また、ロシアは2007年ごろから急激に積み増すようになり、現在も少しづつ増やしています。
他にもトルコ、ポーランド、インド、シンガポールやイラク、タイなど、多くの国が積み増していますが、10年分のデータを見ると、やはり中心的なプレイヤーは中国とロシアの中銀です。
理由2 供給量が限られる
この10年ほどの金鉱山生産量は年間3,000トンぐらいで安定しています。海底にはまだ大量にあるそうですが採算が合いません。つまり底堅い需要に対し、供給が渋い特徴があります。
ただし色々なデータを見ていて思いますが、3,000トンという供給はあくまでも「渋い」程度です。
理由3 インフレ資産
ゴールドそのものは何も価値を生み出しませんが、インフレ資産であるため少しづつ価値を上げる性質があります。インフレ資産である限り長期的に上昇していく可能性が高いです。
次に最近の動向を振り返ります。
米国10年債との逆相関が崩れたゴールド
ゴールドは一般的に米国10年債実質金利と逆相関だと言われます。
調べてみると時代によって相関が崩れたりハッキリしない時期もあるのですが、最近で言えば2018年から2022年ごろは逆相関でした。 ところが2022年春から突如としてこの関係が崩れ価格が上昇していきます。
この上昇の引き金はロシアへの資産凍結である可能性が高いです。
調べてみると2022年の2月28日に米国、3月2日にEUが、ロシア中銀の資産を凍結しています。ロシア中銀の資産を凍結するというのは、日本で言えば日銀に預けられたロシア中銀の外貨準備用の円を自由に売却できなくするということです。

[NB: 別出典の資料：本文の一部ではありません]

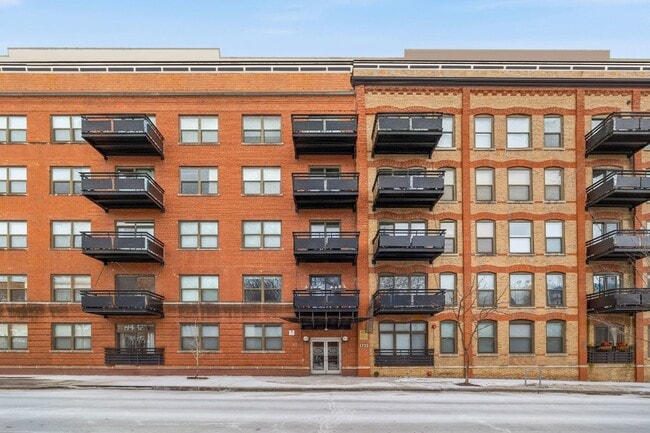 Building Photo - 1735 W Diversey Pkwy Unit 118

つまりゴールドの10年債との逆相関が崩れ始めたのとほぼ同じタイミングで、ロシアは外貨準備を大規模に凍結され、代わりにゴールドの備蓄を増やしました。実際にロシアは2022年春から20トンほどですが急に買い増しています。
目を覚ました中国
ウクライナ戦争で外貨準備が凍結されるという衝撃は、ロシアよりも中国を動かしました。
最初に紹介した豊トラスティ証券の資料によれば、中国は2022年秋から200トンほど急激に買い増しています。
ロシアへの資産凍結によって、米国の敵国においては「米債で自国通貨を守れない」と意識するようになったと僕は考えています。
注意したい事
ゴールドは金融危機で初手は売れられる
ゴールドはヘッジ資産だと思われがちですが実は大きな金融危機が起きた際、初手で売られることがあります。例えばリーマンショックでも最初は売られ、パンデミックも長い下髭を付けています。
これは追証などを清算するためにゴールドを現金化する動きがおきるためだと考えられます。ゴールドを普段持っていない人は、危機の際にゴールドの下落を待ってから買うのもいいかもしれませんね。※ただし為替がどちらに動いてるかは注意です。
中国とロシア中銀の買いは定期的に止まる
ゴールドを2,300トン保有する中国ですが、米国は8,000トン以上持っているので、超長期的にはあと6,000トン積み増したいのが中国の本音だと思います。
これはロシアも同じような状況です。
ただし中国とロシアの買いは、長期間止まることがあります。
今後も外貨準備として買っていくとしても実際には買いが止まる期間があり、ハッキリとはわかりませんが最初の資料を見る限り中国の爆買いはすでに終わった可能性があります。
そうなると今のゴールドの上昇を支えているのは、米債の信用リスクを懸念する投資家や、いずれ売る投機的プレイヤーの買いです。
ゴールドは低迷期間が長い
長期チャートを見ると上昇に対して下落がきつく低迷が長いです。
これはゴールドの特性であり、ゴールドは自分自信で価値を押し上げることができないため低迷となると高値更新に長い期間を要します。
まとめ iLe的ゴールドの向き合い方
以上のことを考えると、ゴールドはインフレ資産の特性と需給の関係から長期的な価格上昇は続くと思います。
しかしゴールドはあくまで投機の対象です。
下げる時はきつくその特性から長期低迷になりやすい資産なので、短期的には中銀の動向、特に中国中銀の動向がハッキリしないときの過剰な強気は禁物です。
もしゴールドを長期視点で買っていく場合、個人的には値を強めに下げたときにポートフォリオで最大8%ぐらいを目指して少しづつ保有していくのが手堅いのかなと思います。